According to the nonprofit think tank, the trend is a consequence of China’s “no new coal overseas” policy, which provides a set of guidelines for greening the Belt and Road Initiative from China’s National Development and Reform Commission (NDRC).
In CRECA’s view, the newest NDRC Guidelines have the potential to stop 37 GW (32 plants) of overseas Chinese-backed coal projects in the pre-construction phase. There is also a recommendation that projects under construction proceed with “caution,” which should encourage the reexamination of 30 GW (36 plants) already under construction.

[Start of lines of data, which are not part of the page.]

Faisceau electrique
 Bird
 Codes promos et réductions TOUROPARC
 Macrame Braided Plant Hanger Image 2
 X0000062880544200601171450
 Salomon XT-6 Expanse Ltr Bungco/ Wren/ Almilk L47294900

The guidelines also encourage upgrades to currently operating coal plants in line with “international green rules and standards,” which should encompass 17 GW (18 plants) of operating plants with Chinese equity. Overseas power plants have generally followed lax host country standards, emitting levels of pollution far higher than China’s domestic allowances.

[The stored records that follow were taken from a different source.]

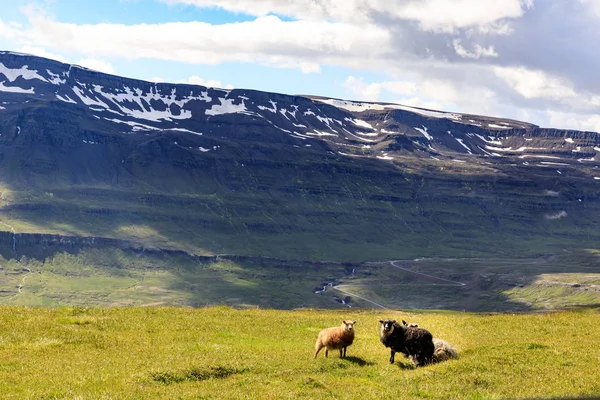 Blaues Eisbachtal Mit Blick Den Seyjisfur Island Der Nähe Des — Stockfoto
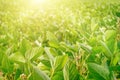 Field the soybean Glycine max in the rays summer sun, closeup Royalty Free Stock Photo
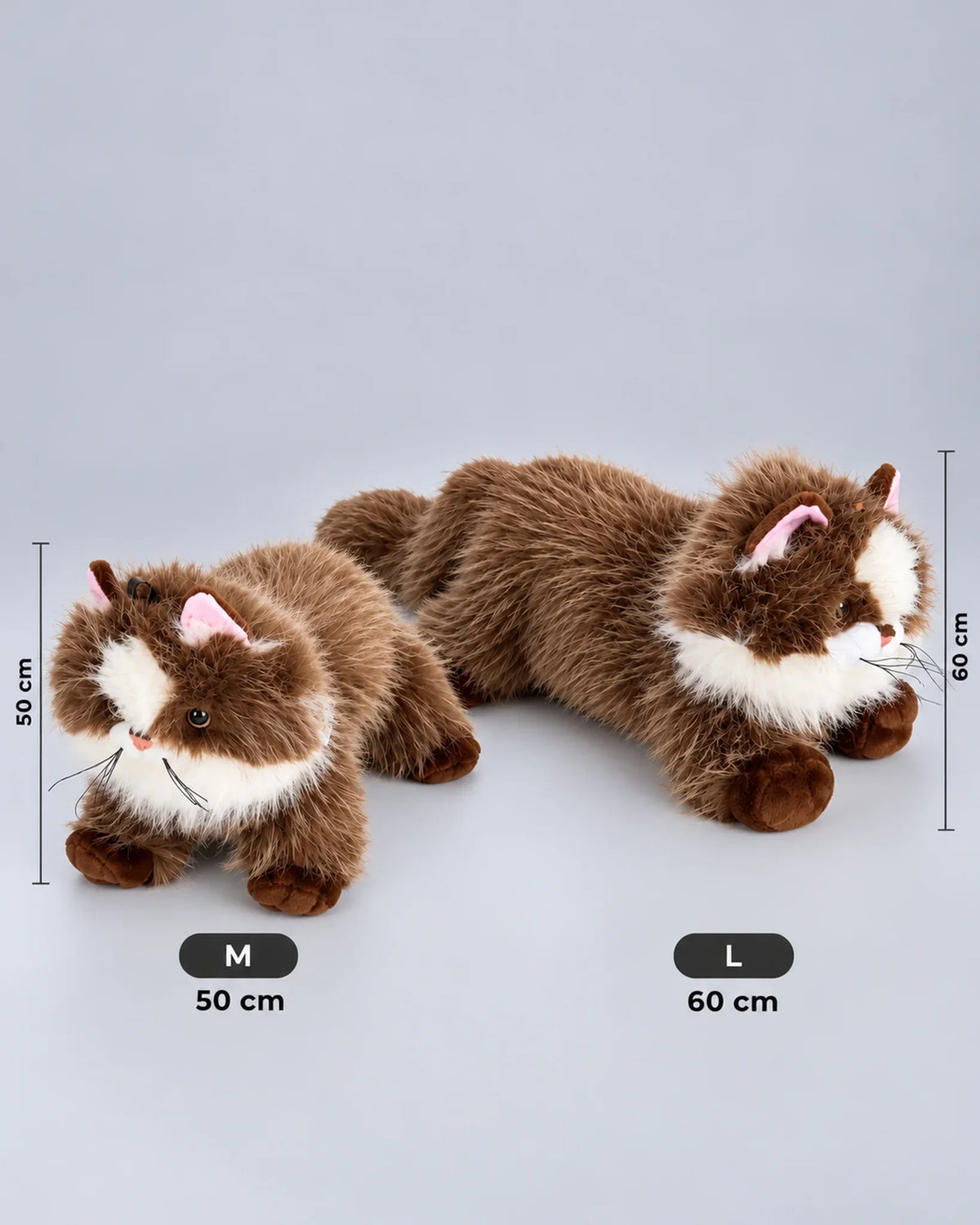 Realistic brown and white Ragdoll-style cat plush toy, lying down, 50cm and 60cm sizes side by side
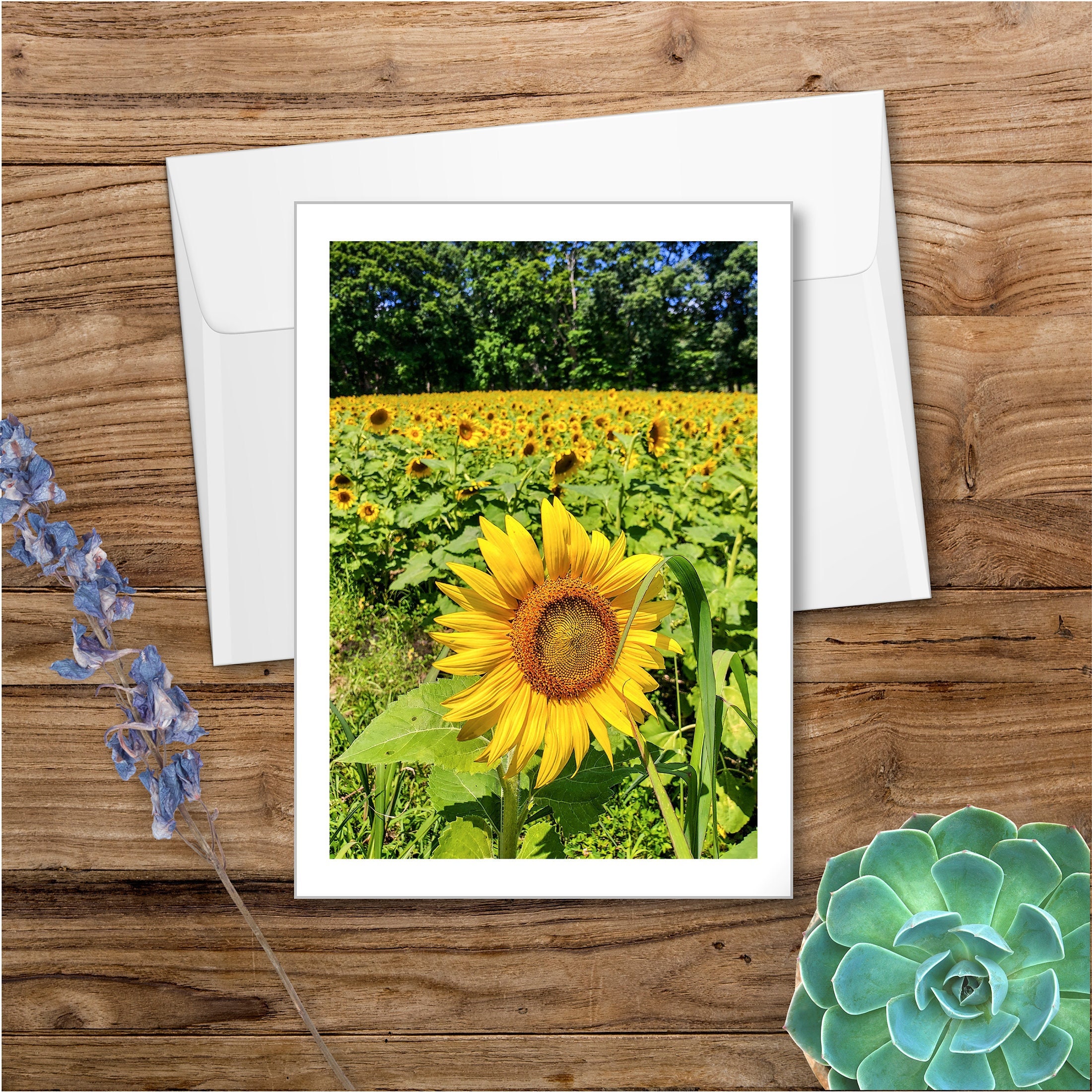 Sunflower Greeting Card, Field of Sunflowers, Photo Greeting Card ...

The research group also points out that 19.2 GW (18 projects) remain in a grey area of the pledge and could still go ahead.
“Of these, 11.2 GW are projects that have secured financing and the necessary permits but have yet to enter into construction. Another 8 GW are proposed captive coal projects linked to Belt and Road Initiative (BRI) nickel and steel complexes in Indonesia and considered a government priority,” the report reads.
“Chinese firms were awarded equipment, procurement and construction contracts on two new captive power plants linked to BRI industrial complexes in Indonesia in 2022; this highlights a potential loophole, where EPCs on BRI industrial projects are treated as an exception.”
For the experts at the Centre for Research on Energy and Clean Air, transparency during implementation will be vital in assessing the depth of both China’s ambitions to promote green and sustainable developments and host countries’ commitment to transitioning their domestic power mix to net-zero by 2050.
“Key building blocks are already available for host countries and developers to smooth the renegotiation process and avoid developing sunken assets, especially given the increasing number of withdrawals from Chinese firms who once pledged support on planned coal projects,” the report states.
“Mechanisms such as early retirements and shifts to support overseas renewable energy will be necessary to meet country and global goals for a clean energy transition.”